実際に『日本国紀』にも、「(WGIPは)戦争についての罪悪感を、日本人の心に植え付けるための宣伝計画」(P.421)と明記してある。

しかしWGIPなる「計画」が実在した資料的事実は存在していない。しかし確かに戦後、日本を占領したGHQは、「忠臣蔵」「チャンバラ劇」などの民間の娯楽を禁止した。なぜなら「仇討」や「闘争」という概念が、日本の大都市を焼け野原にし、2発の原子爆弾で無辜の一般日本人民を殺戮したアメリカ軍に対する報復や憎悪心を惹起させるのではないか、というGHQの懸念があったためである。

ネット右翼の陰謀論をトレースする『日本国紀』

仮にこの「WGIP」という、日本人に罪悪感を与える計画というのが存在していたとしても、それはまったく成功していない。なぜなら1952年、サ条約(サンフランシスコ講和会議)において日本の独立が回復されると、即座に日本の大衆芸能業界は「忠臣蔵」や「チャンバラ劇」、そして「広島・長崎原爆の実相の公開」に踏み切ったからである。

日本人が約7年間におけるGHQの占領期間で「WGIP」により罪悪感を植え付けられていたなら、到底こういった動きは出てこない。

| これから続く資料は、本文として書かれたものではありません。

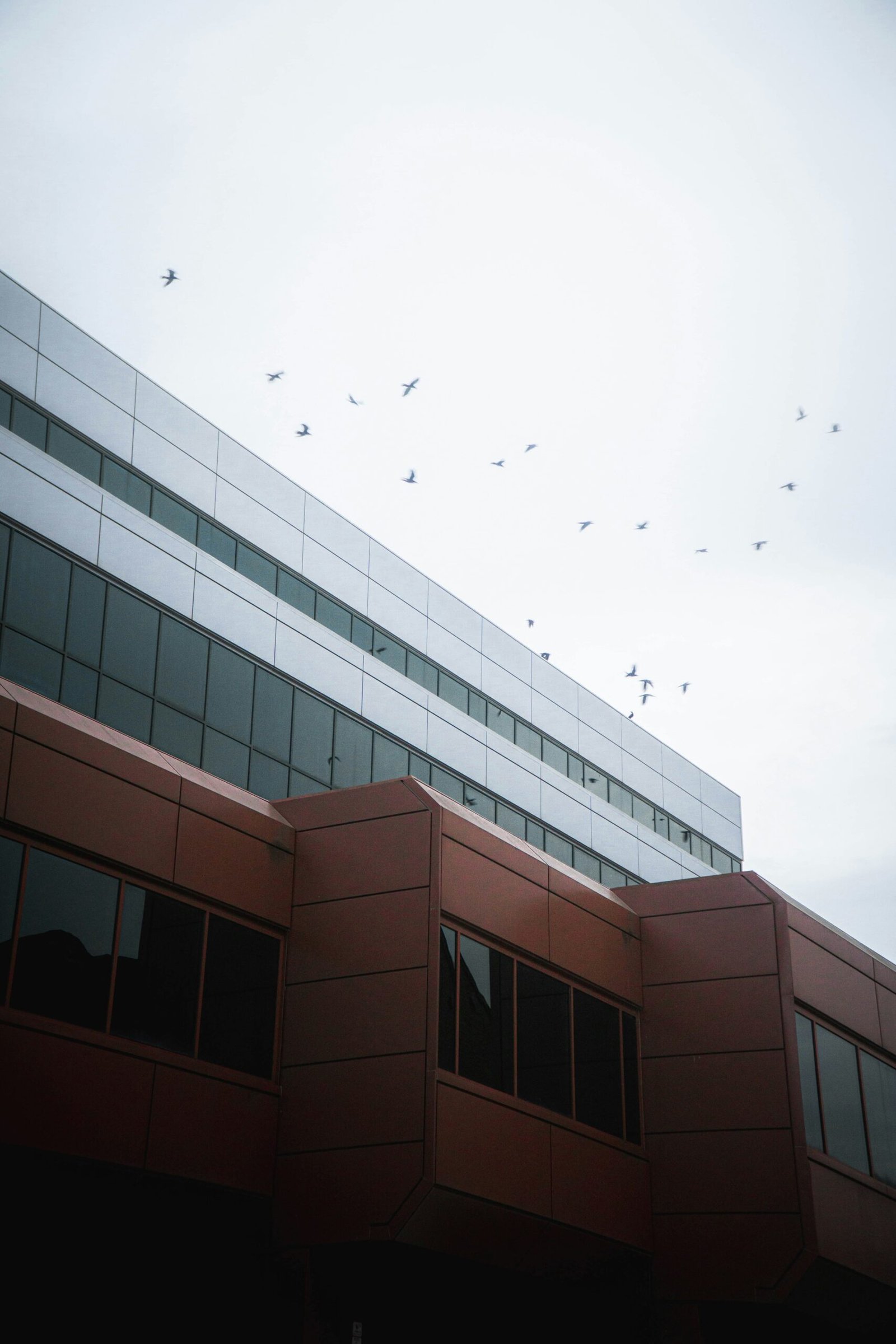 Window film birds sitting on top of the building fea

ネット右翼も『日本国紀』の記述の中にも、「WGIP」というネット右翼が用いる古典的概念を前提として記述がなされているために、日本が主権を回復した以降の民間文化の動きに関してはまったくの盲目である。

にもかかわらず、ネット右翼は「WGIP」という陰謀論を平気で流布し、『日本国紀』の記述はそれをことごとくトレースしている。そしてお決まりの、戦後混乱期における朝鮮半島出身者の乱暴狼藉(実際には、この中には多数の日本人が関与していた。が、その事実は無視されている)に言及しているのは、『日本国紀』でも全く同じである。